The story begins with Wall Street banker Peter (Jesse Wakeman) returning to his rundown, suburban Rhode Island neighborhood for the first time in 20 years. The occasion is the recent death of his grandmother, with whom he was not exactly close. Upon arriving, he discovers to his horror that he left his wallet — which contained all his cash, credit cards and identification — on the bus. So when Peter spots Donald (writer/director Avedisian), his best friend from high school, walking into the next-door childhood home in which he still lives, he has little recourse but to ask for a loan.
RELEASE DATE Mar 03, 2017
The painfully geeky Donald, sporting a shaggy haircut and ugly aviator glasses, delightedly greets his old buddy and agrees to drive him wherever he needs to go. The resulting day they spend together features a slew of incredibly awkward moments. Donald brings Peter up to his bedroom, still decorated with the garishly immature artifacts of a teenager, including a signed photograph of his favorite porn star. “Do you still masturbate?” Donald excitedly asks his guest.
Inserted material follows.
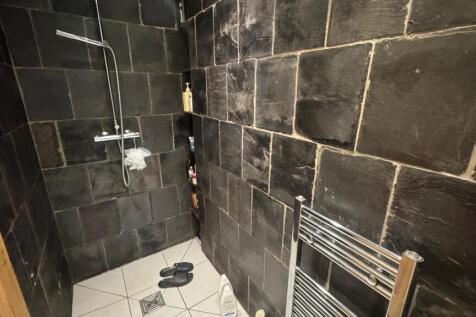 Shower.jpg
The two also visit the amusement arcade in which Donald works, where his employer proceeds to brutally mistreat him. They get roped into a game of football during which Donald seems to be working out past resentments by repeatedly tackling Peter to the ground. Peter goes to the nursing home to pick up his grandmother’s possessions, only to be nearly arrested because of a mix-up for which Donald is responsible. And they revisit their old teenage haunt, an abandoned train tunnel, in which Donald suddenly pulls out a gun. Finally, when Peter attempts to romantically connect with a teenage crush (Louisa Krause), now the real-estate agent handling his mother’s house, Donald reacts in deeply disturbed fashion.
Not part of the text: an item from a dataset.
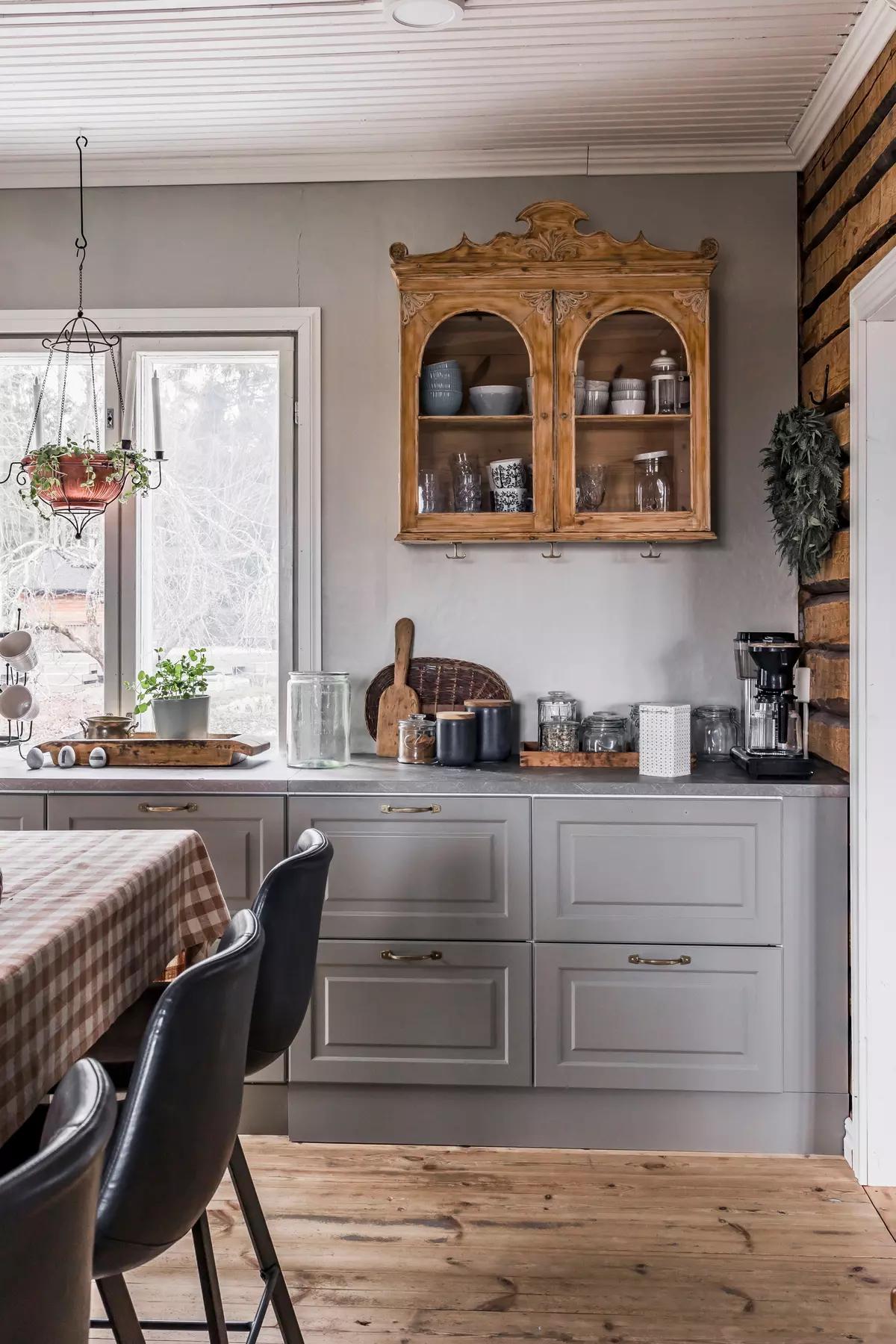 Retro kitchen cabinet with glass doors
The film succeeds in its presumed goal of keeping the viewer off-balance trying to figure out the dynamics of the relationship, with Donald acting in alternately hyper-friendly, passive-aggressive and fully hostile fashion. But little of it rings true, from the contrived plotting (does the financially savvy Peter really have no other recourse to procure funds?) to Donald’s exaggerated man-child aspects, which less resemble arrested development than the sort of comic grotesqueries that have become an indie movie staple. This feature was adapted from a previous short film, and it’s not difficult to see how the character would have been easier to take in a much smaller dose.
That’s not to say that Donald Cries doesn’t have some insightful moments. Peter’s inconsistent responses to Donald’s provocations — alternating between affection, indulgence, irritation and anger — have the ring of truth, suggesting an underlying guilt over having rejected his former friend so completely.
To his credit, Avedisian fully commits to his role, stressing Donald’s repellant qualities rather than trying to make him falsely endearing. Wakeman makes for an effective straight man, thankfully not overdoing his character’s boorish tendencies. But their efforts aren’t enough to make this squirm-inducing dark comedy any easier to sit through.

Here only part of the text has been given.